**Data records**
⟨

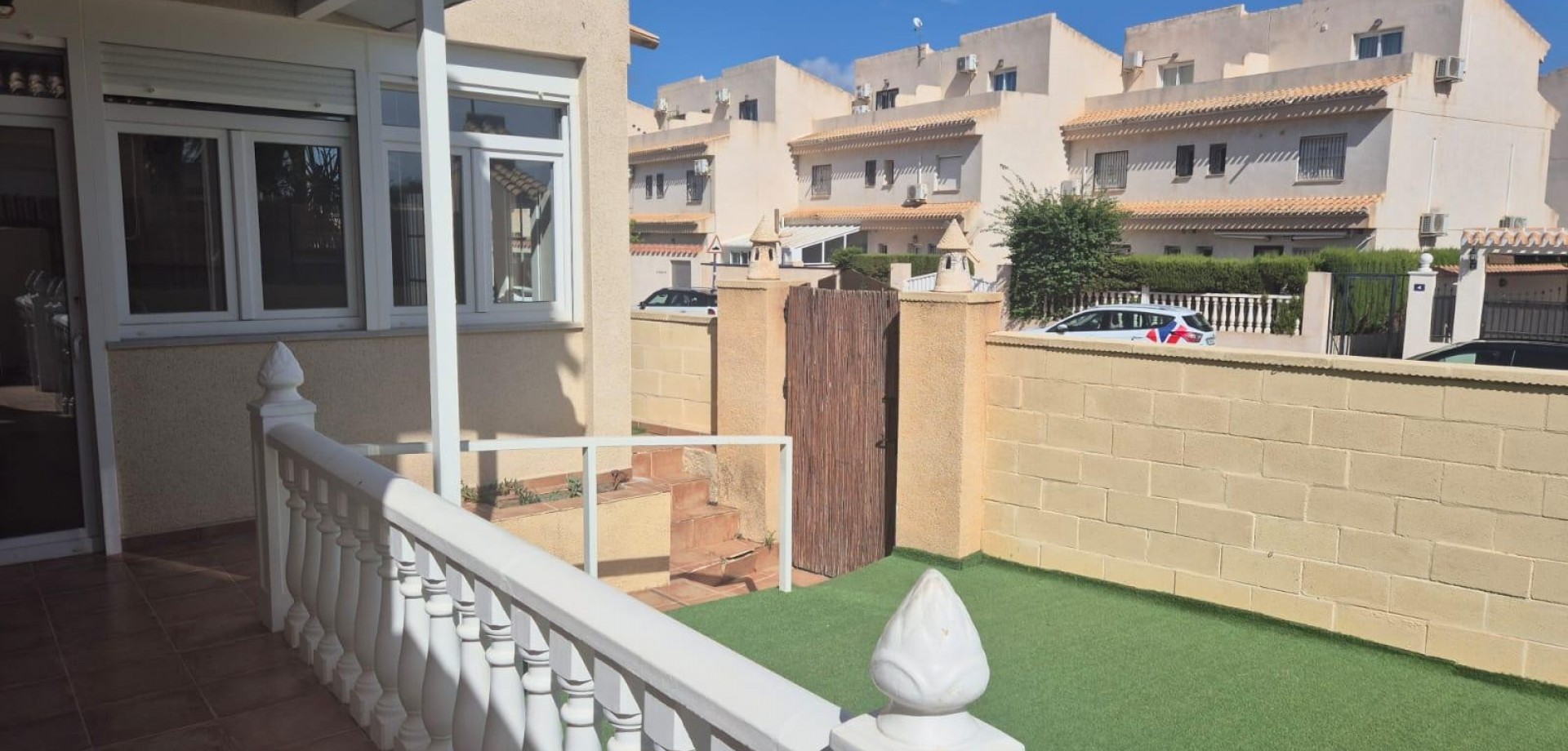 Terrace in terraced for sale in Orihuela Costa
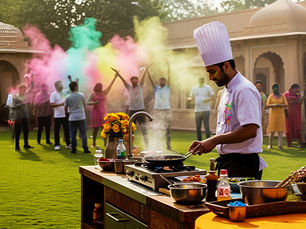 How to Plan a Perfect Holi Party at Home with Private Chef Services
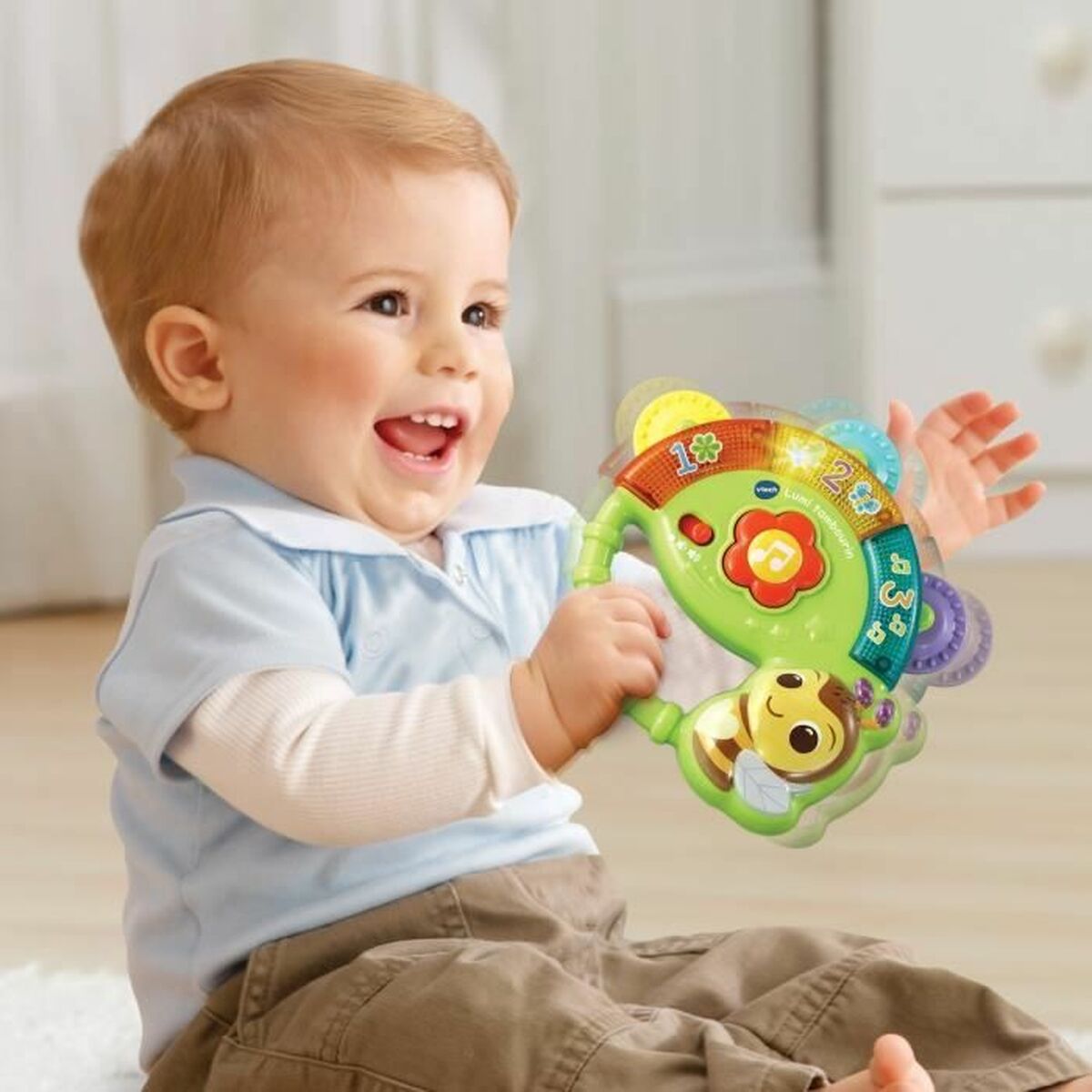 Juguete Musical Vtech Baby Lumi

⟩
⟨

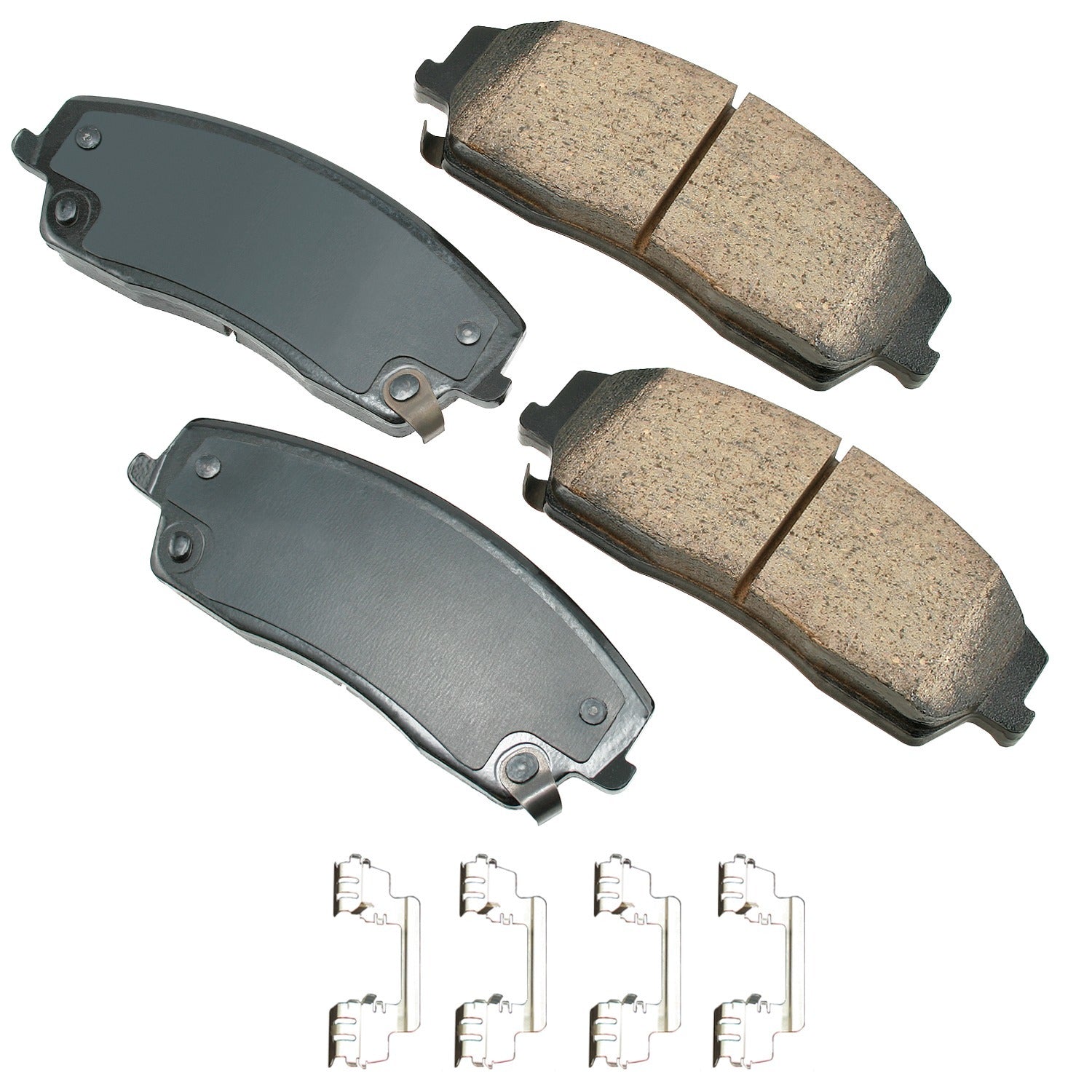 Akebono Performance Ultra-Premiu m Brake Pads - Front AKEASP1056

⟩

In the listing above, find the line with "Terrace in terraced" and the line with "Juguete Musical Vtech Baby Lumi". Transcribe those two and everything between, exactly, leaving out pictures.

 Terrace in terraced for sale in Orihuela Costa
 How to Plan a Perfect Holi Party at Home with Private Chef Services
 Juguete Musical Vtech Baby Lumi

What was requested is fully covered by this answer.